Several analysts issue sell alerts

Jul 10, 2010 09:07 GMT  ·  By

NVIDIA may be just about ready to launch its new graphics cards and, depending on how they turn out, they might finally enable the company's shares to one again rise on the stock market. The past few months haven't exactly been generous to the Santa Clara GPU maker. Though its shares sold at $16.99 two months ago, they are barely above $10 now and are still going down. Some analysts even downgraded the outfit from buy to hold, because of concerns regarding future marketing performance.

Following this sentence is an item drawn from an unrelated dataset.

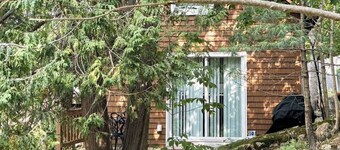 Two-Level Unit w/ Patio, Deck, Firepit, Private Washer/ Dryer, and Free WiFi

At present, the GPU maker is experiencing a slump in prices that can be attributed to market trends. After having lost a significant deal by letting AMD have free reign over the DirectX 11 market for months, the company was unable to stun the consumer base when it launched the GF100 products. As such, the $16.99 trading price of its shares fell to $12.10 last month and, even more recently, to $10.34. Analysts eves issues some sell alerts on NVIDIA during this time and, whether justified or not, they have definitely taken their toll.

Granted, this isn't the first time such a thing occurs. About 18 months ago, shares were priced at $7.95, but they eventually grew to $18.68, in December 2009 to be exact. Nevertheless, current conditions can't even begin to compare to 2007, when the stock was trading at over $35. As it it, the Santa Clara, California-based outfit will have to put a significant effort into its GF104, GF106 and GF108 products.

The reason NVIDIA hasn't managed to recover so far is that it only has enthusiast-grade video cards on sale. This market segment isn't exactly large, however, which means that the task of recovering lost ground will fall to the mainstream and entry-level products. The Tegra SoC, on the mobile front, may also contribute to the recovery. What remains to be seen is when these newcomers actually manage to again drive earnings upwards.